There are the Leading Lady parts, which, at 21, I'm too young to be considered for, and in all likelihood too fat for anyway. These women carry the show, and tend to have a middle-range voice, often with a lot of belting. It's hard to describe too many of them, as they vary. But examples: Mrs. Lovett in Sweeney Todd; The Baker's Wife in Into the Woods;  Norma in Sunset  Boulevard; Rosie in Bye Bye Birdie

There are then enough roles that are suitable enough to be played by a fat actress, although mostly this is if the casting director doesn't have enough thin ones. Those known as character parts can be fatter; and character parts tend to be comic relief, and if not mezzo-soprano then alto. They're also more likely to be male parts, which doesn't help me, although some male parts are simple enough to transpose onto a female actor. Examples: Ursula in Bye Bye Birdie; Nicely-Nicely Johnson in Guys and Dolls. These latter two categories are parts that I might look like, but can't sing.

I've also been wanting a lot lately to learn how to dance. I've watched a fair bit of ballet, and I've been getting decent enough at yoga to know that it's fun to move my body that way and to feel graceful, and the idea of dancing with a partner and flitting across a stage is magically fun. The trouble is, I'm not longer a 6-year-old girl. And I'm really afraid that there might not be any chance for me to take real dance classes - not just a casual swing or ballroom just-for-laughs kind of class -without being unwelcome for my weight. Ballet in particular but dance in general isn't known to be very friendly to the fat.

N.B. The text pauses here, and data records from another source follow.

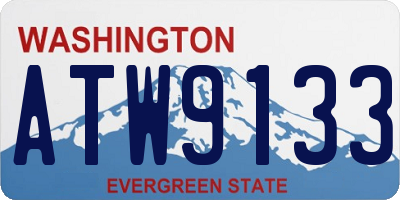 WA license plate ATW9133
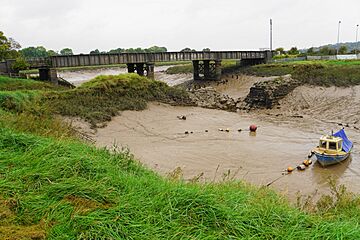 Muddy creek at Sea Mills - geograph.org.uk - 5564285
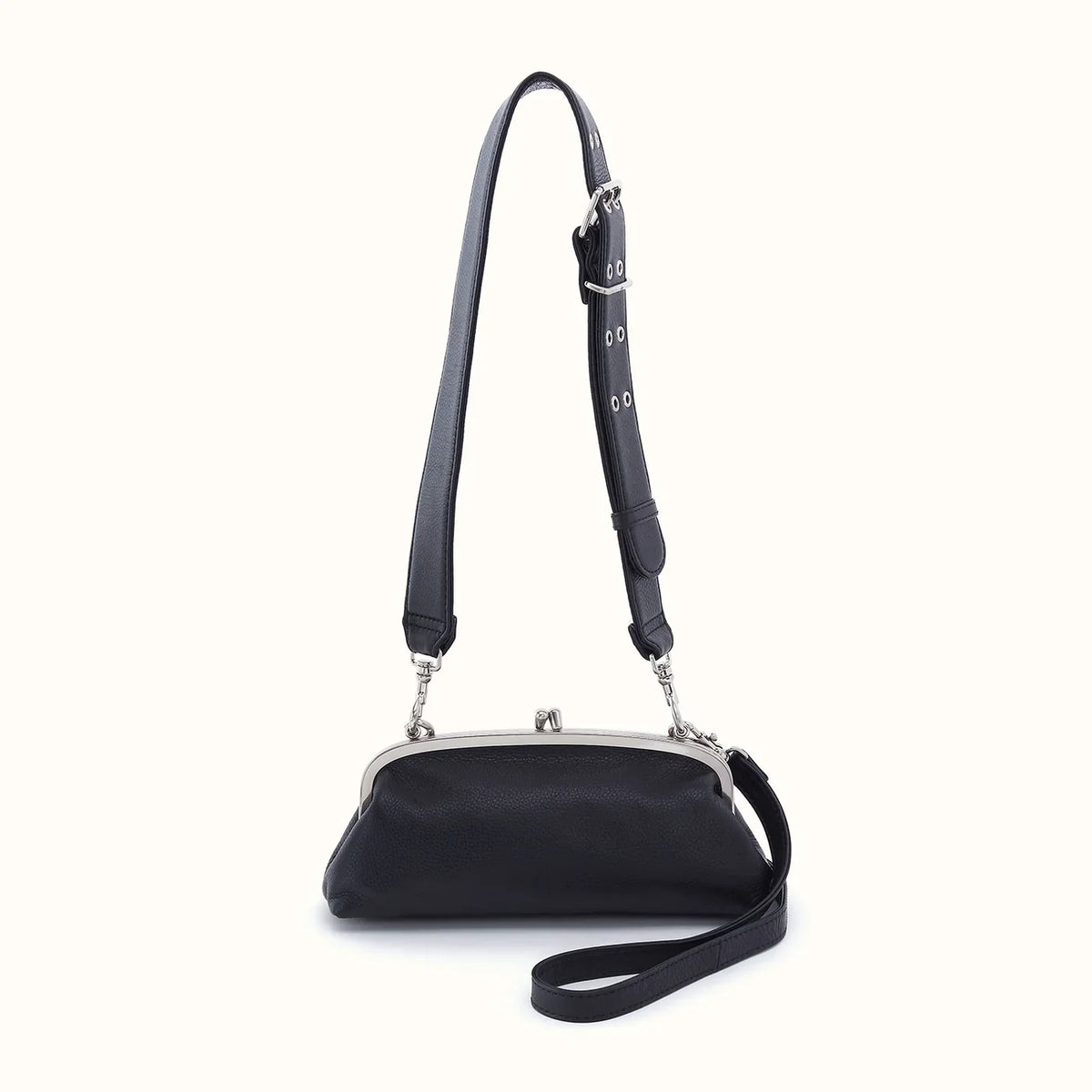 Alba Small Frame Dual Strap- Black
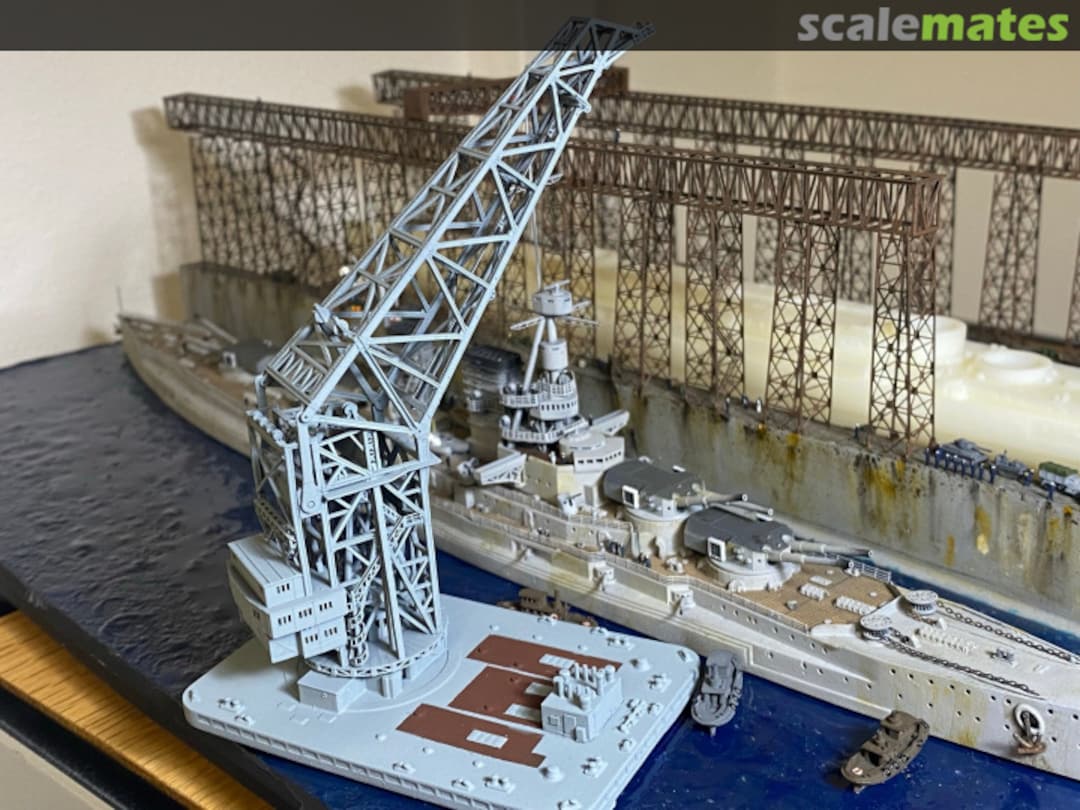 Boxart German Navy floating crane Langer Heinrich, WWI, WWII ModellbauRay Boxart German Navy floating crane Langer Heinrich, WWI, WWII ModellbauRay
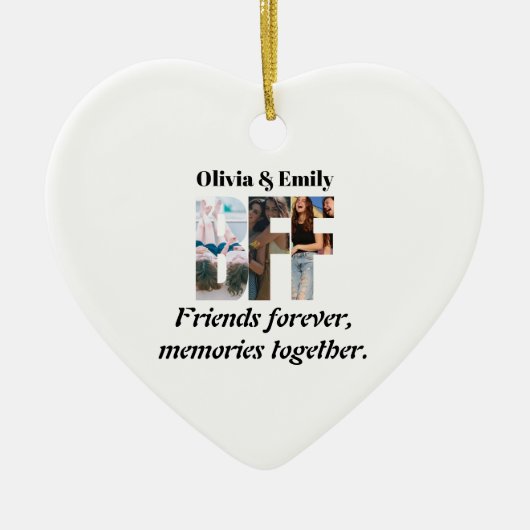 BFF Photo Ornament – Personalized Gift (Voorkant)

It sucks that no one will cast me in roles that I can sing, and it sucks that I don't know if I'd be able to learn something fun without being shamed and driven away. These are hardly the biggest problems facing the fat acceptance movement, but they're little things that add up for individual fat girls.


  1. I don't know if Terry Pratchett is your style, but reading your description of this problem, I was reminded of this book: http://www.harpercollins.com/features/pratchettbooks/description.aspx?isbn=9780061056918

  2. I haven't read much Pratchett, but I did actually read that one. I enjoyed it a lot, that one and Good Omens (I'm more of a Neil Gaiman person). I don't remember very much, but the juxtaposition of the traditional pretty Christine and the less-lovely, more talented protagonist definitely stuck in my memory.